Figure 5. BPI and p53 restoration can induce different types of cell death

Panel A: Ly4, Ly1 and Ly10 cells treated for 24 h with control peptides (first row), 10μM p53C’-TAT (second row), 5μM BPI (third row) or the combination of BPI and p53C’-TAT (fourth row) were examined (400x is shown) by OA/EB staining to categorize the morphological aspect of dead cells. In the EB/AO method, live cells exhibit a morphologically normal green nucleus, early apoptotic cells are smaller and have a bright green nucleus (indicating condensed or fragmented chromatin with intact plasma membrane), late apoptotic cells are smaller and display bright orange fragmented nucleus (indicating condensed chromatin and affected plasma membrane) while necrotic cells are larger and have a structurally normal orange nucleus (indicating cytoplasm swelling, non-condensed chromatin and rupture of the plasma membrane that can be lost in the late necrosis). EA: early apoptosis, LA: late apoptosis, N: necrosis, LN: late necrosis, V: viable, BN: bi-nucleated cell and D: cell debris. Percentages for each type of dead (necrotic or apoptotic-like in red and yellow respectively) and viable cells (green) from triplicates experiments are shown in the bars. Panel B: DNA fragmentation was measured by mono and oligonucleosome enrichment ([Treated_{A405nm - A490nm} / Control_{A405nm - A490nm}]×100) in the cytoplasmatic fraction of cells treated as above. Panel C: Caspases 7/3 activity measured by the cleavage of a specific profluorescent substrate in cells treated as above. The Y axis indicates the caspase 7/3 activity (Ex_499nm / Em_521nm) over cell number determined by multiplexing with a metabolic assay (Ex_560nm / Em_590nm). Panel D: Level of ATP in cells treated for 18h with control peptides (white), 10μM p53C’-TAT (light grey), 5μM BPI (dark grey) and the combination of BPI and p53C’-TAT (black). Western blot showing PARP (113 kD) and the major fragment of PARP (89 kD) resulting from caspases activity in cells treated as before. All of these experiments were performed in triplicates.

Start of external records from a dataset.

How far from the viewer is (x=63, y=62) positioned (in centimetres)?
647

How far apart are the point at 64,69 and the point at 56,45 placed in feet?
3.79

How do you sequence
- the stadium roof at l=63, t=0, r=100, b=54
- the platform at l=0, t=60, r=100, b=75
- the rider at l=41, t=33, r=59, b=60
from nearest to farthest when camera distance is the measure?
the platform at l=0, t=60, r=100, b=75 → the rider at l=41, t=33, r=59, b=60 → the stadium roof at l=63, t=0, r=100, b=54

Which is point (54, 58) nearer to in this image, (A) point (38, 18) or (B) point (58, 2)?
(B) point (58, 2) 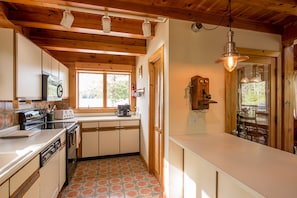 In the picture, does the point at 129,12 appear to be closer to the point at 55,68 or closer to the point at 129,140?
the point at 55,68

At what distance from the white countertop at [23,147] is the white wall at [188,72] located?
1.45m

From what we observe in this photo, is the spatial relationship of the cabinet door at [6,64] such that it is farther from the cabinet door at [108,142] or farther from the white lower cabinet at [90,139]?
the cabinet door at [108,142]

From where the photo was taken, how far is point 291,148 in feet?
8.79

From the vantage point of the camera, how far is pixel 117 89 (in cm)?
445

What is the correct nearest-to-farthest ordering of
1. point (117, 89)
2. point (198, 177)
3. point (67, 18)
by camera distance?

Figure 6. Co-targeting of BCL6 and p53 enhances anti-lymphoma activity

Panel A: PRIMA-1 dose-response curves for a panel of seven DLBCL cell lines. The effect (Y axis) was measured as percentage of cell number in PRIMA-1-treated cells compared to vehicle-treated cells (plotted on the left). Values of GI₅₀ (bar represents 95% CI) for PRIMA-1 (plotted on the right). The cells are represented according to whether TP53 is mutated (closed symbols) or wild type (open symbols). Panel B: BCL6 dependent cells were exposed to a single dose of BPI 10μM or PRIMA-1 25 μM or both drugs during 48 h. Cell number measured by metabolic assay comparing treated cells to control cells is represented in the Y axis. Panel C: Caspase 7/3 activity was determined in the same panel of cells after 6 h and 18 h of exposure to BPI, PRIMA-1 or the combination. Panel D: Representation of the combination index values for the effect at 48 h for the sequence of BPI administered once at time 0 h followed by PRIMA-1 administered once at 24 h (black) or the sequence of PRIMA-1 administered once at time 0 h followed by BPI administered once at 24 h (white). A CI = 1 ± 0.1 was considered as additive, CI > 1.1 was considered as infra-additive and CI < 0.9 was considered as supra-additive. Each value represents the mean of triplicates experiments with S.E (bars). Values shown also in Supp Table 3.